The Newlands Labor Act, was a 1913 United States federal law, sponsored by Senator Francis G. Newlands of Nevada and drafted by Bureau of Labor Statistics Commissioner Charles Patrick Neill. It created the Board of Mediation and Conciliation (BMC). The BMC was a precursor to today’s National Mediation Board (NMB).
In response to railroad strikes during the 1870s and 1880s,Congress passed the Arbitration Act of 1888, which authorized the creation of arbitration panels with the power to investigate the causes of labor disputes and to issue non-binding arbitration awards. The Act was a complete failure: only one panel was ever convened under the Act, and that one, in the case of the 1894 Pullman Strike, issued its report only after the strike had been crushed by a federal court injunction backed by federal troops.
Congress attempted to correct these shortcomings in the Erdman Act, passed in 1898. This law likewise provided for voluntary arbitration, but made any award issued by the panel binding and enforceable in federal court. It also outlawed discrimination against employees for union activities, prohibited "yellow dog" contracts (employee agrees not to join a union while employed), and required both sides to maintain the status quo during any arbitration proceedings and for three months after an award was issued. The arbitration procedures were rarely used.

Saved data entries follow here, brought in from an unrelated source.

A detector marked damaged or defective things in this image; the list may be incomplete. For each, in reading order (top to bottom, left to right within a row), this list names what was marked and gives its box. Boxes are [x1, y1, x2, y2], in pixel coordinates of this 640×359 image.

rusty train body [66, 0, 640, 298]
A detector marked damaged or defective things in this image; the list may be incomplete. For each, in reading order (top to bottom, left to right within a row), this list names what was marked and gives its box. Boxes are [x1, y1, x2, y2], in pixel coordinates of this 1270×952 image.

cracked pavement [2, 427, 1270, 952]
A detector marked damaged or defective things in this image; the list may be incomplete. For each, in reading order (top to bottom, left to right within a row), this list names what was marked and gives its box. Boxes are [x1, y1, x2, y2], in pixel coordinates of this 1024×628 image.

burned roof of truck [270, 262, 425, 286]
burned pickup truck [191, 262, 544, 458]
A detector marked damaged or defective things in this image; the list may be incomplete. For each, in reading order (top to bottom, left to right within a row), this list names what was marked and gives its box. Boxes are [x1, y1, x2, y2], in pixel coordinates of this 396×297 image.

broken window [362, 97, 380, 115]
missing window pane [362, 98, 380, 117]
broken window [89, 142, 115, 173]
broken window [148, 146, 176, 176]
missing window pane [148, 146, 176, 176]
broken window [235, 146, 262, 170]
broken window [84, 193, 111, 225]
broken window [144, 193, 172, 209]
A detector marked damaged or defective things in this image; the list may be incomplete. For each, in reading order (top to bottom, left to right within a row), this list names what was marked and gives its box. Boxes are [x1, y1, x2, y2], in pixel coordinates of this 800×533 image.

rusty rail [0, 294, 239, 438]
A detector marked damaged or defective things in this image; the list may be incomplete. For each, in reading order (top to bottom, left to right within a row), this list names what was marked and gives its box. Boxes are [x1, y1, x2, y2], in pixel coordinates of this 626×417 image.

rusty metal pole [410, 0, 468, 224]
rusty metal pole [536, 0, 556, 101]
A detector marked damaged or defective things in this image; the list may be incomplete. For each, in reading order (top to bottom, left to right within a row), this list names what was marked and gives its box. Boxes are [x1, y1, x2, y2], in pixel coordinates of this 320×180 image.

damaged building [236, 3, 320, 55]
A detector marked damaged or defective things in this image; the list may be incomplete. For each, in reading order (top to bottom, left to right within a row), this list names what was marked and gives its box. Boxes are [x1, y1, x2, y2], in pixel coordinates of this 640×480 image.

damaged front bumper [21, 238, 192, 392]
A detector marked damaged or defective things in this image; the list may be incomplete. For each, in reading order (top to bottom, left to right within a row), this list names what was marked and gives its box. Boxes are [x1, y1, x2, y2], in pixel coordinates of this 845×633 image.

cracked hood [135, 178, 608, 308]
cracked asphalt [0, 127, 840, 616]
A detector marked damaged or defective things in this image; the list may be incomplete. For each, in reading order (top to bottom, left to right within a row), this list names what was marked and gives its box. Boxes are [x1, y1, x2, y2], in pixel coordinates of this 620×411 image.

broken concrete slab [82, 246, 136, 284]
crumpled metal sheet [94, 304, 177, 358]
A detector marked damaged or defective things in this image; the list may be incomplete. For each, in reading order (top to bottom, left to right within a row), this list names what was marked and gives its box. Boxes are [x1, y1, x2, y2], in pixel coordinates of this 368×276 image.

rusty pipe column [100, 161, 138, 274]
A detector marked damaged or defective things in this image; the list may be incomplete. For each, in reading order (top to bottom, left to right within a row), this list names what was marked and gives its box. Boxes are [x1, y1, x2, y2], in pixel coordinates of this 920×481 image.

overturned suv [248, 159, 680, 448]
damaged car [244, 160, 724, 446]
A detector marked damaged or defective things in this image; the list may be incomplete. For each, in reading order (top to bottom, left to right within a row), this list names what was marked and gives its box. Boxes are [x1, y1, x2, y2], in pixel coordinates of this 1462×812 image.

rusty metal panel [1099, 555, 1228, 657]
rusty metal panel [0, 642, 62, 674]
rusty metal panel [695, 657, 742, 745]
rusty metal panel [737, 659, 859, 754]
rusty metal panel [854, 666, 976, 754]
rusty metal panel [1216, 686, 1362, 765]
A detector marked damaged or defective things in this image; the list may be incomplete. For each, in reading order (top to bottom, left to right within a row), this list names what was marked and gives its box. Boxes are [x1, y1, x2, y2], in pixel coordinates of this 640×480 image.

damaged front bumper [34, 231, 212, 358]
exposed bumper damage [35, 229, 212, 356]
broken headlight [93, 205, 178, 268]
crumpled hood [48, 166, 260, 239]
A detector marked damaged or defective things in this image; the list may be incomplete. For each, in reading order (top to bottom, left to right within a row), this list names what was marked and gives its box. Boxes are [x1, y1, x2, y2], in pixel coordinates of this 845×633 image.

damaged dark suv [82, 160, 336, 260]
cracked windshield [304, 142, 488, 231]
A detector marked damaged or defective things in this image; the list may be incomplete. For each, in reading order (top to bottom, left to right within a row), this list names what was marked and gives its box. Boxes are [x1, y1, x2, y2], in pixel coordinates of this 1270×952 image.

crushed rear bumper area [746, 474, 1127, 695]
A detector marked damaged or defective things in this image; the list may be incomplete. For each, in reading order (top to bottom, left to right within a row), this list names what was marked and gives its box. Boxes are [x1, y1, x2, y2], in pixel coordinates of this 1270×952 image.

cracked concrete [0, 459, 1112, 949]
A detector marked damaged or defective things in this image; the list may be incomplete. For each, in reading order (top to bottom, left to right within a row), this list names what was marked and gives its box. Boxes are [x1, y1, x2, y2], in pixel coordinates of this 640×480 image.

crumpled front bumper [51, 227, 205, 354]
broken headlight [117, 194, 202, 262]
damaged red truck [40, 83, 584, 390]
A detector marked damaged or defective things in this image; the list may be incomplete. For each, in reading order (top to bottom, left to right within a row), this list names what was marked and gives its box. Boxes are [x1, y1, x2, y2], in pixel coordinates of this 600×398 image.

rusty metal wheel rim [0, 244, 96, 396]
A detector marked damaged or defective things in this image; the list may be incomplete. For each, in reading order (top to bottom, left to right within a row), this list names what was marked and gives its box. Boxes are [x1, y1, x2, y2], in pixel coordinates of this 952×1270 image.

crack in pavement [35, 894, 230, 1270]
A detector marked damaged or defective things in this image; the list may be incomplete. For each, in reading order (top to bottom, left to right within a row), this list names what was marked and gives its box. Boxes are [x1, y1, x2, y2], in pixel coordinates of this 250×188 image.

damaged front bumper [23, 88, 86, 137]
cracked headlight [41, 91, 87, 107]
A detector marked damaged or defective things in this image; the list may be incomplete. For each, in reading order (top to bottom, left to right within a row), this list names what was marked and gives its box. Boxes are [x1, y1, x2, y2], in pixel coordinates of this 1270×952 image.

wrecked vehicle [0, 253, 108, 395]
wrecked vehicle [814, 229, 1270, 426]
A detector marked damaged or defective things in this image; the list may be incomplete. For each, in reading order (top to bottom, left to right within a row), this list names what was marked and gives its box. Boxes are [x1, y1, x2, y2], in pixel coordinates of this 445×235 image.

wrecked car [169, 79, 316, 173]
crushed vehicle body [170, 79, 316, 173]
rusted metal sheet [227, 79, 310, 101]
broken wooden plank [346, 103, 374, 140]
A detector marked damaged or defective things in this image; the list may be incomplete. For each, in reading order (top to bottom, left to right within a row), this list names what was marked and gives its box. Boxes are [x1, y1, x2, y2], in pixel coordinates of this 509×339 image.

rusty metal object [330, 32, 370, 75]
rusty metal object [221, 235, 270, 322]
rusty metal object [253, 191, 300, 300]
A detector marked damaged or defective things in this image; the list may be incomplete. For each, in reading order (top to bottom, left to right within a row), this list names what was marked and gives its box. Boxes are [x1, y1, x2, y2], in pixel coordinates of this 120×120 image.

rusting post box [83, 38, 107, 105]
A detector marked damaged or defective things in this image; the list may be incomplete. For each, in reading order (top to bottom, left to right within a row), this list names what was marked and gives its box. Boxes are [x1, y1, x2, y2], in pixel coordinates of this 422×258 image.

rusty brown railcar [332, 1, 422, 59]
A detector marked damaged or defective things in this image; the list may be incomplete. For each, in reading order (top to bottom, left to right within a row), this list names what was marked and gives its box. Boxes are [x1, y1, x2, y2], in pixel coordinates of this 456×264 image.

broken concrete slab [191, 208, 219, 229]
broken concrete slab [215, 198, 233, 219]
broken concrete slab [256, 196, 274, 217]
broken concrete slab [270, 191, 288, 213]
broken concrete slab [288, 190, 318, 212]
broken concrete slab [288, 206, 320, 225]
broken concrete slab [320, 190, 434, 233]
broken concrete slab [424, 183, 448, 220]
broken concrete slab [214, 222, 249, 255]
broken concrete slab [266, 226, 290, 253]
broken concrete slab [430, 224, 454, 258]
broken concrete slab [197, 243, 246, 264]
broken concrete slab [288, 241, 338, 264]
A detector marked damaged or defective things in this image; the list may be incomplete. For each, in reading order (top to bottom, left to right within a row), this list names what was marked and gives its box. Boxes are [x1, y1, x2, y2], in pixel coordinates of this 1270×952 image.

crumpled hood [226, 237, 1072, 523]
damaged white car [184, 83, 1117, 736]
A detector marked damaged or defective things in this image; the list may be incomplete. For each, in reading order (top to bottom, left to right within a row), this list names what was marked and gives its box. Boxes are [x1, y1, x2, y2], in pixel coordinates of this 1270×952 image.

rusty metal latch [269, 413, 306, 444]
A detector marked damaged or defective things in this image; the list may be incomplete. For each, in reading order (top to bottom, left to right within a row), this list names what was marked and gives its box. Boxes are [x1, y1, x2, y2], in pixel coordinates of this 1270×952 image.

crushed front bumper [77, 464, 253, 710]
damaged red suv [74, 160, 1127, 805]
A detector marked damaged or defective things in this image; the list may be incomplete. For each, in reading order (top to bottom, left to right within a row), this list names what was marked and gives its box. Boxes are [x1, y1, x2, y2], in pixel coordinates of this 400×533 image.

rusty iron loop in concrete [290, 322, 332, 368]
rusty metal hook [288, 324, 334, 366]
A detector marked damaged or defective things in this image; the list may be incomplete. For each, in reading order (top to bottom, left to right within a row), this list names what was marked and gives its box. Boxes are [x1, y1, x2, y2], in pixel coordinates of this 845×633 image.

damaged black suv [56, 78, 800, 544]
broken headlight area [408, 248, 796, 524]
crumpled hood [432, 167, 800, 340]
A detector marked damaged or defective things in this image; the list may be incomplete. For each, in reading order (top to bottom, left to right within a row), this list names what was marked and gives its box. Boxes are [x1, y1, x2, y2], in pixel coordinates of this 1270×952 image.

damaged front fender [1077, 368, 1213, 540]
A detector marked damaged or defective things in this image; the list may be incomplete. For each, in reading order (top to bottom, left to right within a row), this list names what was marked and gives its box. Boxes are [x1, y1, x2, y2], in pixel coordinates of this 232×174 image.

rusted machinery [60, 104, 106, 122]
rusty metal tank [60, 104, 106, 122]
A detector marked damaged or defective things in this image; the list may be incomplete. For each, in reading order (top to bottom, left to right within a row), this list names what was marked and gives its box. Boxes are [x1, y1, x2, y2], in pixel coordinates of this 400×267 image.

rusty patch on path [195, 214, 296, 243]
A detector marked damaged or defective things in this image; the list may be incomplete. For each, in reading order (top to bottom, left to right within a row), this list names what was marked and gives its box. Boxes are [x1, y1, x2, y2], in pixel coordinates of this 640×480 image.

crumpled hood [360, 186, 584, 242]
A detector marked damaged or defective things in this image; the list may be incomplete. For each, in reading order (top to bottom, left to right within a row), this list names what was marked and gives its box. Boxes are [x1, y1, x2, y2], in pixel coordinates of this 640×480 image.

President Woodrow Wilson signed the Newlands Act on July 15, 1913. The law created the Board of Mediation and Conciliation, which was administered by U.S. Commerce and District Court Judge Martin Augustine Knapp and assisted by U.S. Alabama District Court Judge and Commissioner William Lea Chambers. The Board adjusted and arbitrated disputes between railroad companies and their operating employees, where those disputes threatened to interrupt operation of the carriers to the “serious detriment of the public interest." Voluntary arbitration was also provided for those disputes that could not be settled by mediation.